This repository is for training and using Ai2's open vision language models, Molmo2 and MolmoPoint. Molmo2 is state-of-the-art among open-source models and demonstrates exceptional new capabilities in point-driven grounding in single image, multi-image, and video tasks as shown below. MolmoPoint is an extension with a new architecture for pointing.
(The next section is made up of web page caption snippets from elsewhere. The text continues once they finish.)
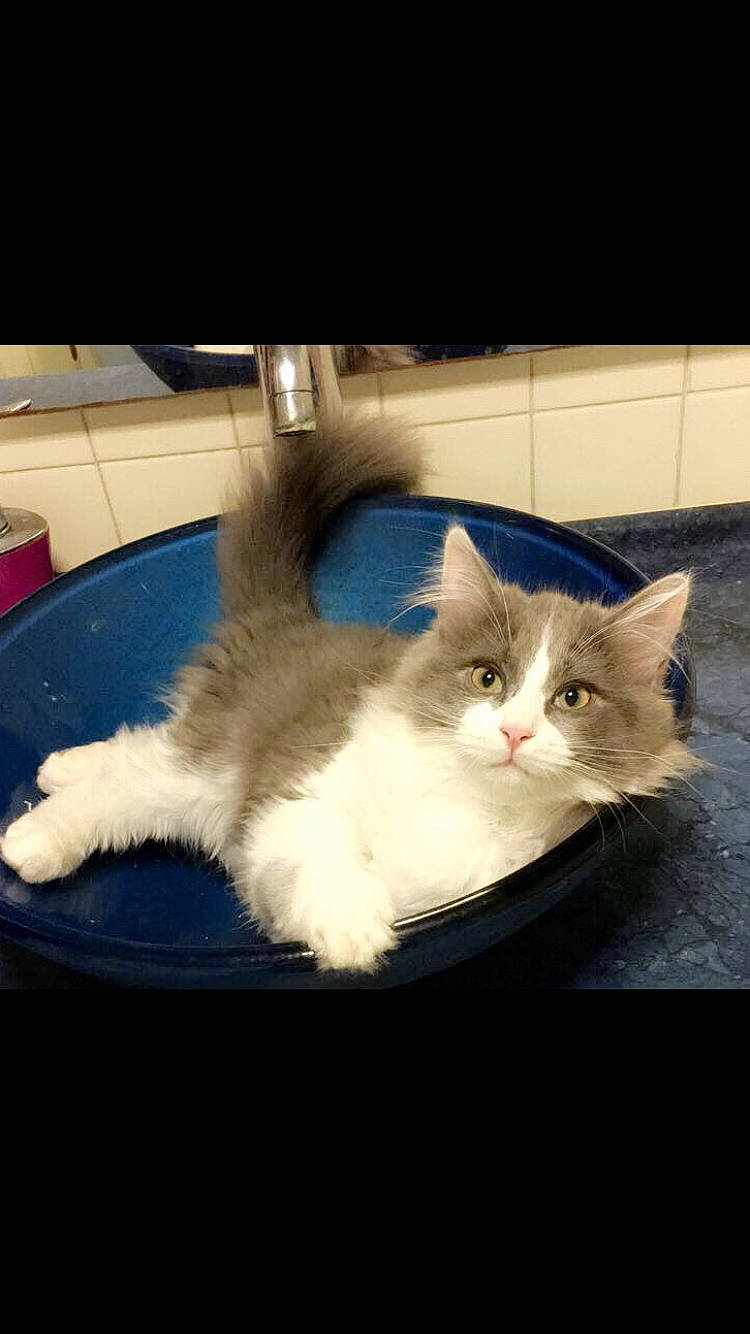 Gnocchi participe au concours pour gagner de l'argent avec cette photo : asian_semi_longhair, british_semi_longhair, carnivore, cat, cymric, domestic_long_haired_cat, felidae, kitten, mammal, munchkin, napoleon_cat, norwegian_forest_cat, ojos_azules, persian, ragamuffin, ragdoll, small_to_medium_sized_cats, tail, vertebrate, whiskers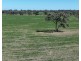 Rosewood, Collarenebri NSW 2833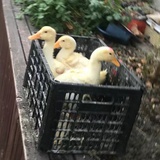 冬日的虫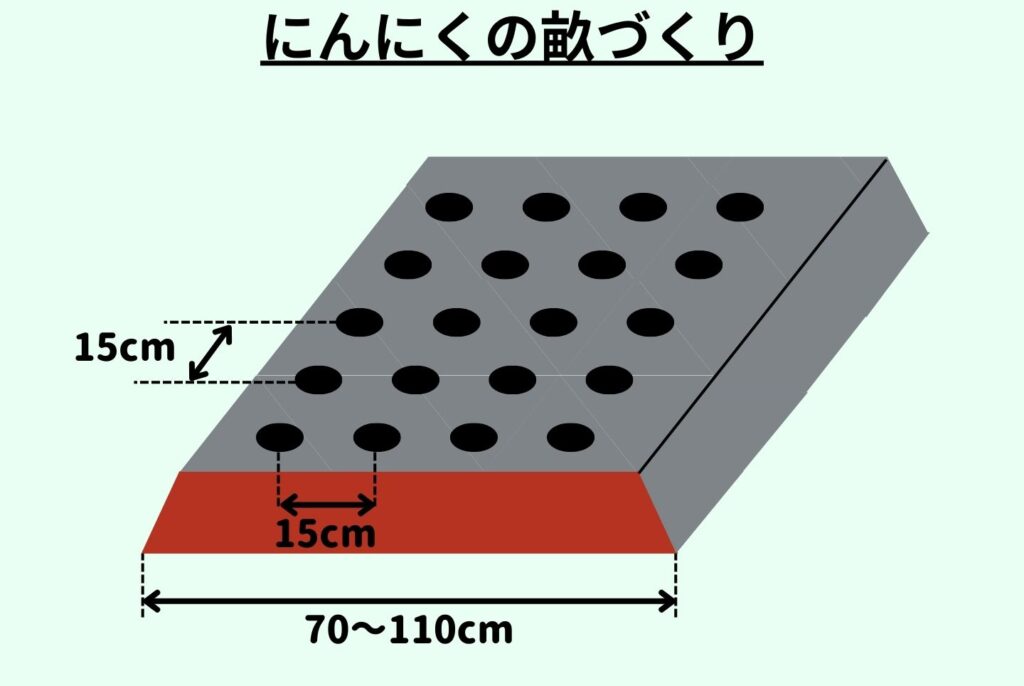 にんにくの栽培は家庭菜園でもできる？植え付けから収穫のポイントまで徹底解説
This README is mostly concerned with Molmo2, see MolmoPoint for how to train MolmoPoint.

See our blog post or our paper for more details about Molmo2. Huggingface models can be found here.

Setup
Training and Evaluations
Transformers and vLLM
Code

Setup

Installation

We recommend using python >= 3.11 First install PyTorch according to the instructions specific to your operating system.

To install dependencies, run:

git clone https://github.com/allenai/molmo2.git
cd molmo2
pip install torchcodec
pip install -e .[all]

It's recommended to install torchcodec separately since it has some complex dependencies that can break if installed in combination with the others as done using install -e .[all]

Docker

We provide a container with the dependencies (but not the code) pre-installed, pull it with: docker pull ghcr.io/allenai/molmo2:latest

Downloading Data

Molmo2 uses a mix of huggingface datasets and custom data stored in MOLMO_DATA_DIR.

For example, if you want to store the data in /data/molmo you could set

export MOLMO_DATA_DIR=/data/molmo
export HF_HOME=/data/molmo/huggingface

See here for more info on where the huggingface data is stored.

We provide a script to download most datasets:

python3 scripts/download_datasets.py all --n_proc 8

Downloading can be resumed if canceled or an error occurs mid-download.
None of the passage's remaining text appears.